The dining room was better, although the hectically patterned carpet vied for attention with the vividly flocked walls, and a flight of plaster birds soared on outspread wings across the wall where the clear marks of a boarded-up fireplace were only partly hidden by a table pushed close against it.
‘Mrs Entwistle used to seat forty at high season.’ Mrs MacDougal caught the look of disbelief which passed between Daisy and Florence. ‘Needs must, Miss, with the season being so short, and with these tables pushed together and a couple of card tables, she managed fine.’
‘May we see the kitchen, please?’ Florence seemed to have found her voice, but Mrs MacDougal had decided that the shorter prettier one was the one that mattered. She hadn’t taken to Florence at all. She turned eagerly to Daisy.
‘This way, Miss …?’
‘Miss Bell.’ Daisy nodded towards Florence. ‘And this is my friend, Miss Livesey.’

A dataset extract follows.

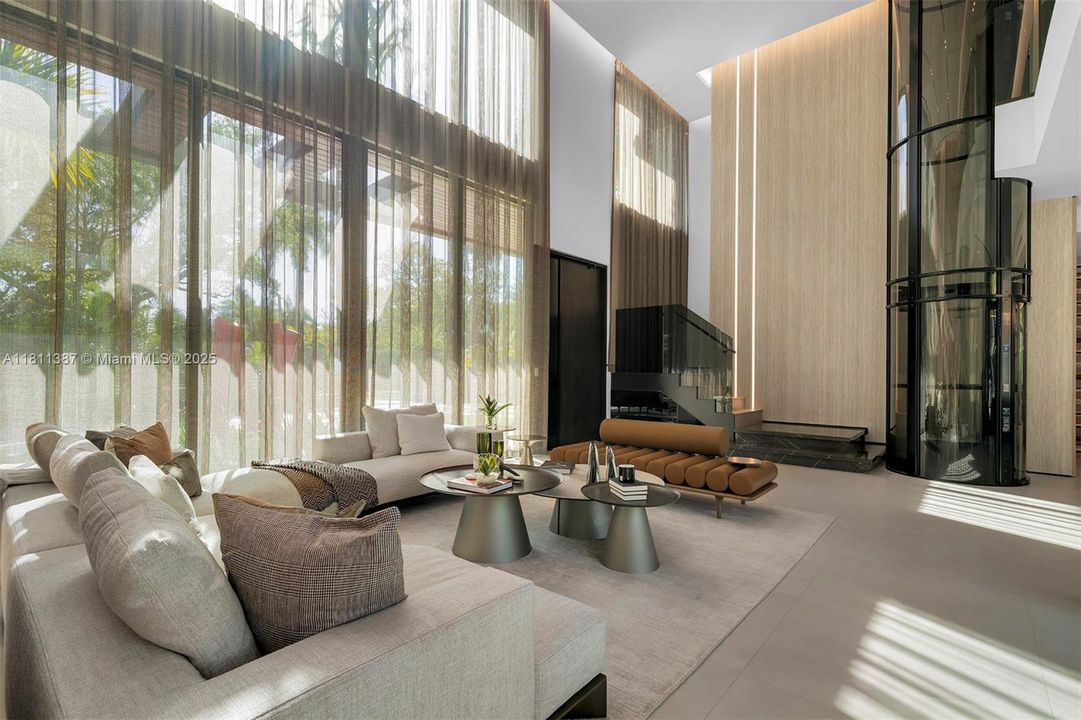 В аренду: $49,500 (8 спален, 8 ванн, 9376 Квадратных фут)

‘This way, Miss Bell. And call me Mrs Mac. Everybody does, though there’s not a drop of Scottish blood in my veins. It’s me husband who comes from the land of the heather.’

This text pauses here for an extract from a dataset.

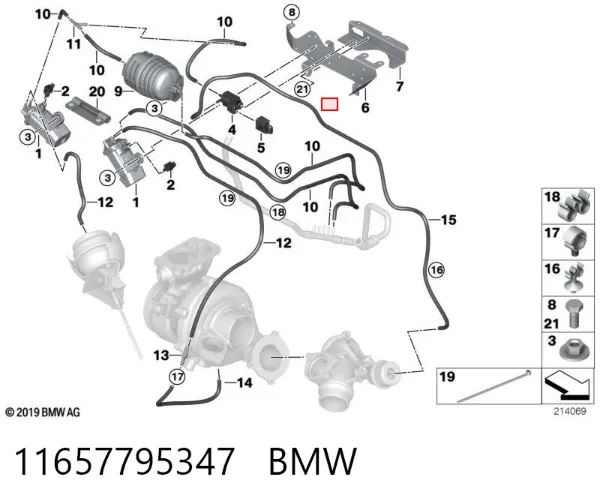  11657795347 BMW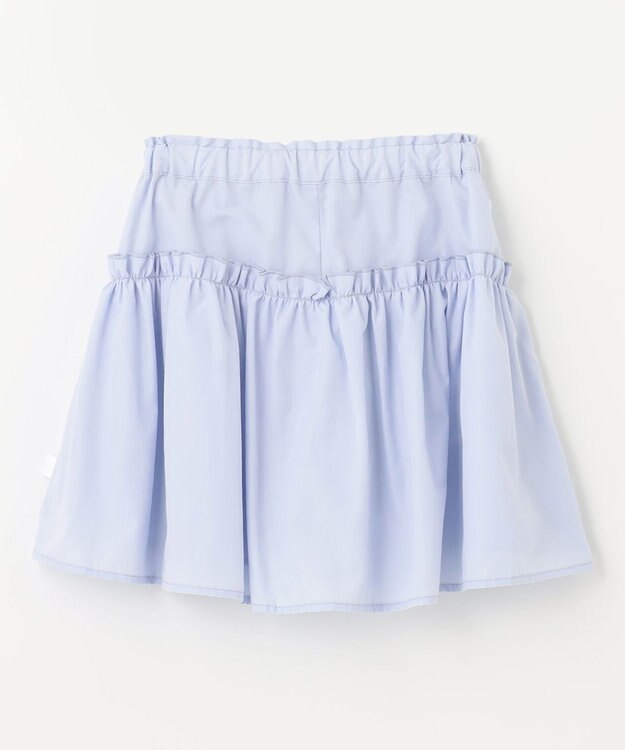 組曲 KIDS 【150-160cm】フェイクスカート キュロット サックスブルー系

‘He helps you to run the business?’ Florence was a bit put out at being ignored. ‘The Scot has never been afraid of hard work.’
‘Then my Angus must be an exception to the rule,’ Mrs
Mac
said at once. ‘He’s that lazy he’d scorch his trousers sooner than shift back from the fire. The kitchen,’ she said, opening a door into a room so much smaller than Daisy had anticipated she felt her mouth drop open with surprise.

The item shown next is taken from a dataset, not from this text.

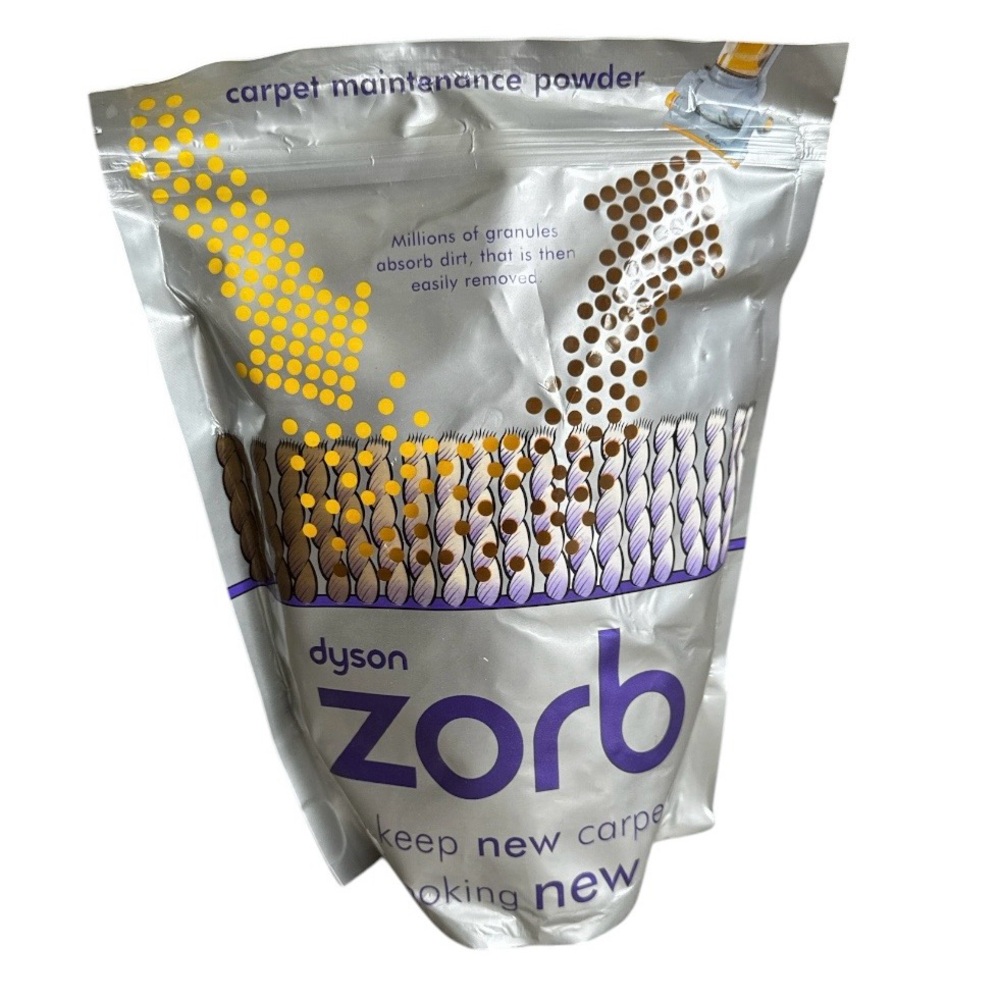 Dyson Zorb Carpet Maintenance Powder 26.5 oz 750g BRAND NEW SEALED - Picture 3 of 9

‘It has to be the bedrooms,’ Mrs Mac said, reading Daisy’s expression. ‘If you haven’t got the bedrooms then you can’t make it pay.’
‘How many visitors stay here? At the busiest time?’ Daisy stared at the shelves piled with crockery, each shelf hung with pans dangling from hooks on the underside.
‘Eight bedrooms, four on each floor – say twenty-two guests. Two cots on the landing, and the put-you-up in the lounge. When the Illuminations begin I’ll have one lad sleeping on a board across the bath, and his mate on a deckchair in the cupboard under the stairs.’ Mrs Mac was unrepentant. ‘Anyroad, who wants big bedrooms? They’re not used to them where they come from, it’s more comfortable with a place that’s home from home.’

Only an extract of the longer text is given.